Ahmet Yasir olayın şoku içindeyken bir de üstüne karısının tatlı kıkırtısı karışınca gözleri sonuna kadar açıldı. Karısının gülüşüne bakan var mı diye hızla etrafı taradı. Ahmet Yasir karısını tuttuğu gibi başını sinesine gömer.

-"İlla birilerini mi pataklamam gerekiyor asi kız. Bir şeye güleceksen gel sinemde gül. Öyle ulu orta gülüp beni cinayet işlemeye teşvik etme."

-"Ha?"

-----------Bir süre sonra------------

  Ahmet Yasir gizlice karısının evine yaklaşır. Karısı bahçededir ve sesi geliyordur.

-"Seni ne kadar özlediğimi bir bilsen, hala ellerimin altında olduğuna inanamıyorum. Ben sana dokunmaya nasıl kıyarım. Gel buraya." Ahmet Yasir duydukları ile şok olurken öfke artı kıskançlıktan olduğu yerde alev alacak duruma gelmişti. Hiç düşünmeden iki kat uzun duvarı tek nefeste atlayıp yan bahçeye geçti. Her zamanki salıncağında oturan karısını gördü. Etrafta görmek istemediği şeyi ararken karısının elindeki şey ile adımları onu ifşa etmek yerine büyük ağacın arkasına sürükledi. Karısı dudaklarından uzaklaştırdığı resme hasretle bakıyordu şimdi.

-"Ben az önce bir resmi mi kıskandım gerçekten?" Sonra durup kendini azarladı. "Ne kıskanması yahu. Şey olsun diye şey ettim ben şeye..." iç sesi sırıtıp he cicim he dedi. Bu sefer sinirini iç sesine yöneltti "ulan bir gün çekip vuracağım seni o olacak"

-"Hatırladığımdan da güzelsin..." Karısı hıçkırıklarının arasından konuşuyordu. Şimdi yanına gitmemek ona sıkıca sarılmamak için kendini zor tutuyordu.

-"Kim o güzel olan asi kız. Yoksa sevdiğin mi?" Dilinde izinsiz dolanan bu cümleler kalbine battı adeta. Her fırsatta bir deliligini gördüğü, sakarlığı ile yüz göz olduğu bu kızı sadece ülkesinde kalan gencin konusu açılınca suskun görmüştü. Bir zamanlar umursamadığı çıkıp gelse gözünü kırpmadan karısını boşayıp ona teslim edeceği o gencin adı şimdilerde kendisine sadece öfke nöbetleri hazırlıyordu. Ne oluyordu o irade sahibi adama. Sadece koruma amaçlı olan bir evlilik ne ara onun hayatının merkezi olmuştu.
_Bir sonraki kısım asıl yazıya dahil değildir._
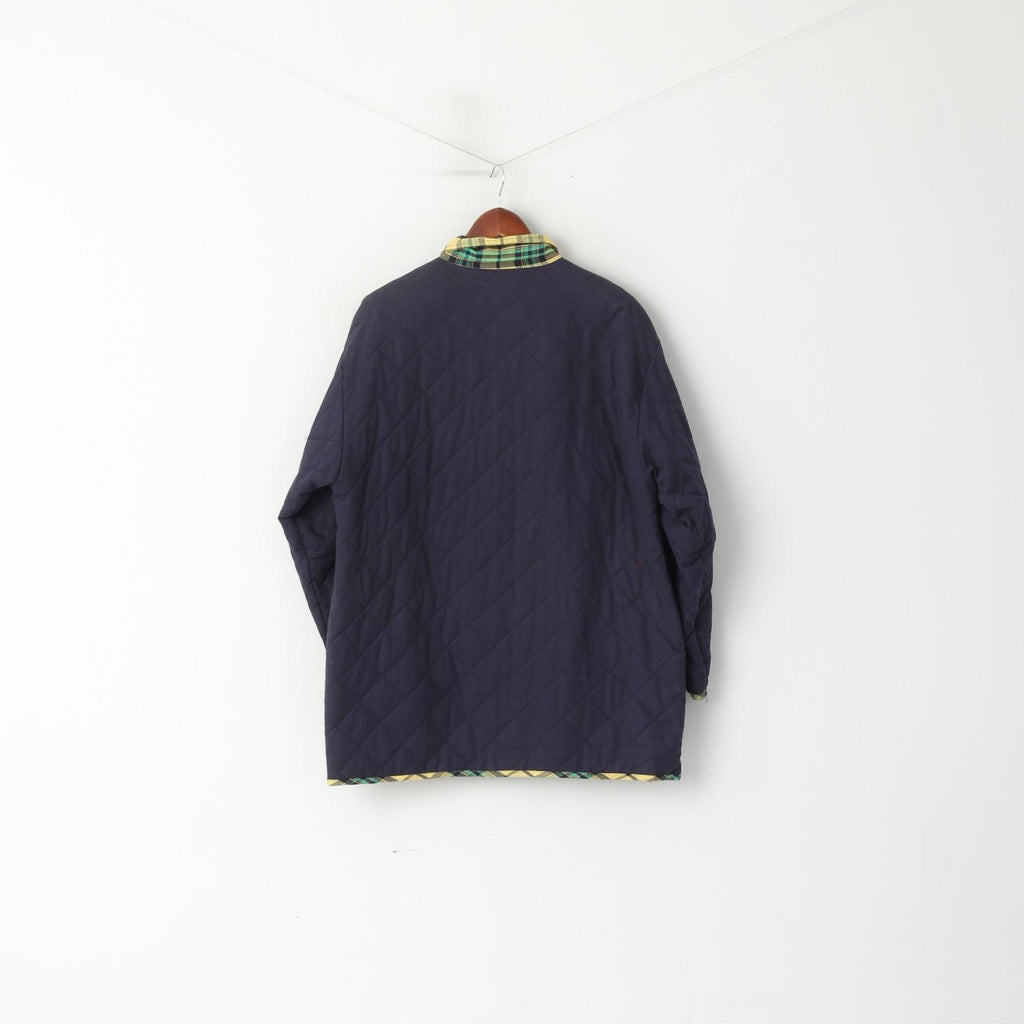 Collezione Divino Giacca da donna M. Top oversize vintage classico in cotone trapuntato blu scuro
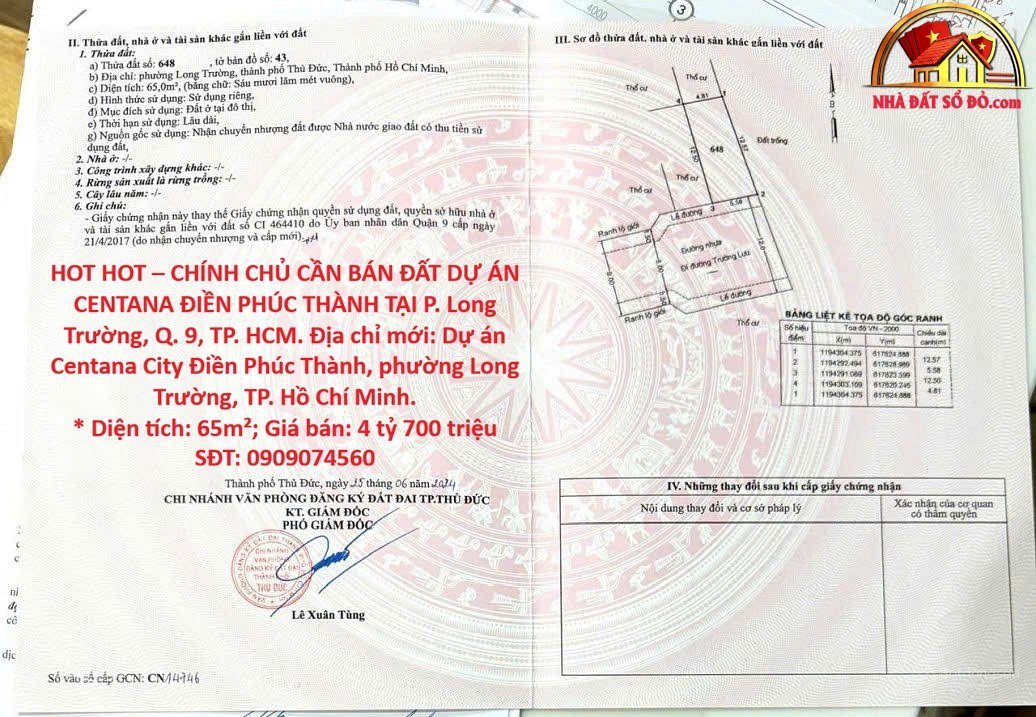 Hot hot chính chủ cần bán đất dự án centana điền phúc thành tại p. long trường, q. 9, tp. hcm Bán nhà đất Đường Phường Long Trường – Phường cũ Long Trường Quận 9 – Phường mới Long Trường – Thành phố Hồ Chí Minh 65m2 4.7 tỷ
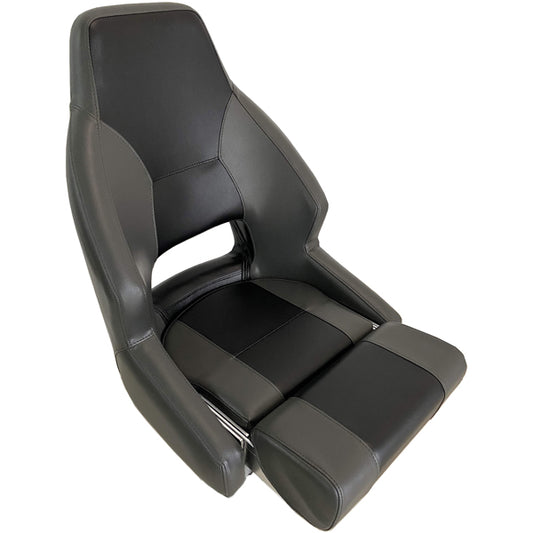 ESM Styrstol RM52 med flip-up dyna, mörkgrå/svart marinvinyl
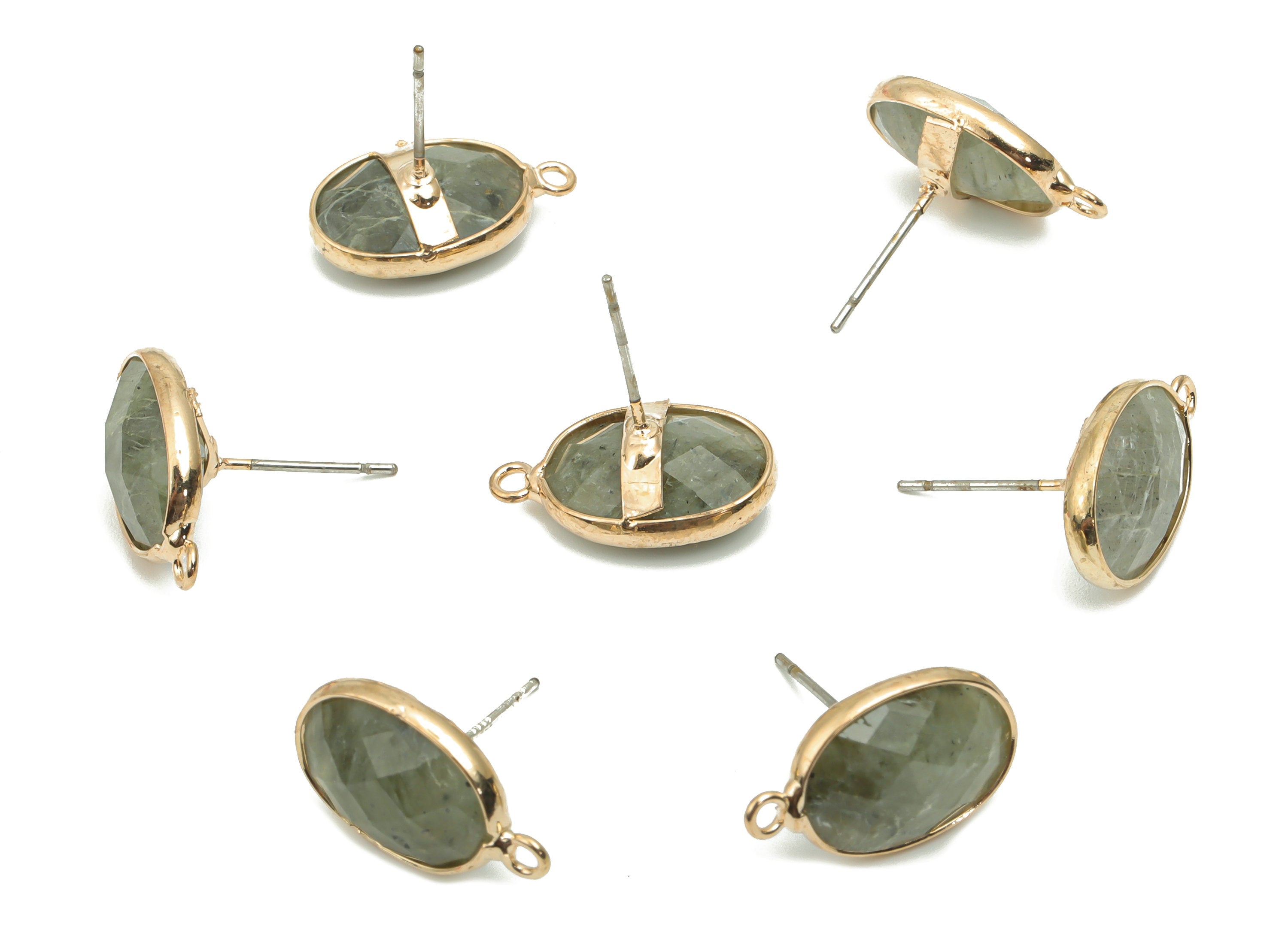 Labradorite Earring Stud - Brass Faceted Oval Post - Natural Stone - Gold Tone Plated Brass – 316 Stainless Steel Stud - 19x11x5mm – NS1767B - DOMEDBAZAAR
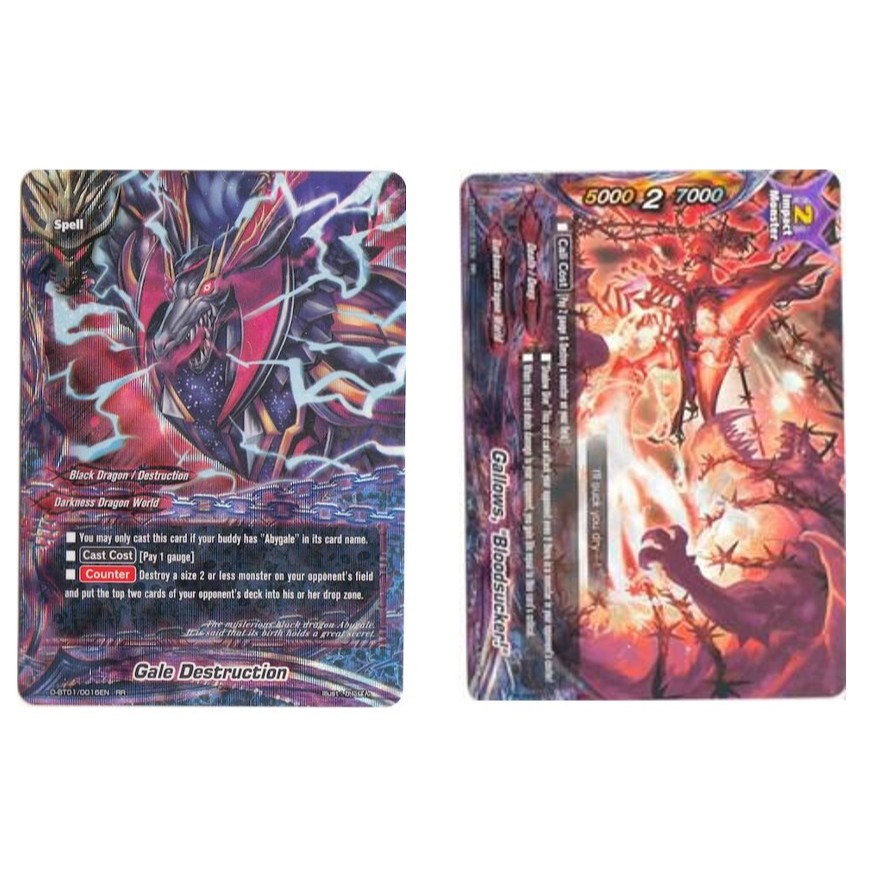 English Buddyfight Gale Destruction D-BT01/0016EN /Gallows, "Bloodsucker!" D-BT01/0017EN RR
-"Annem..." ve iste o an durdu dünya. Kız varlığını hissettiği kalbinin sahibine rağmen elindeki fotoğrafla hasret gidermekten kendini alamadı: "Nasıl özlemişim seni annem. Nasıl da güzelmiş gülüşün. Yanındaki bu yağız oğlan babam mı yoksa ha anne? Dur bir dakika bu abim bu ablam olmalı. Yoksa karnındaki şişlik de ben miyim? Biz miyiz anne? Biz miydik!? Görüyorum annem. Bakışlarındaki korkuyu görüyorum. Sanki bu resimden aylar sonra babamın kafasının koparılacağını, abimin esir edileceğini ablamın... ablamın bütün diğer gençlerle aynı kaderi paylaşacağını biliyor gibisin. Benim bir başıma kalacağımı..." elleri zangır zangır titremeye başladığında fotoğraf ellerinden kaydı. Onu almak için eğildiğinde sakarlığı burada dahi göründü. Kendini yerde buldu. İşte o an kendini o koruma kalkanının içinde buldu. Bedenine sımsıkı sarılan kollar, teslim olup hıçkırarak ağlaması için yeter de artardı bile. Kendini bıraktığında Ahmet Yasir karısını kucağına çekip yüzünü sinesine hapsetti. Artık emindi ki burası bu kıza aitti. Aylar önce olduğu gibi. Gülüşüne de ağlayışına da. Minik kollar beline sarıldığında fotoğraf aralarında kalmıştı. Resme kayan gözleri dolmuştu.

-"Yapma be asi kız. Yakma ikimizi de" diye zar zor fısıldadı.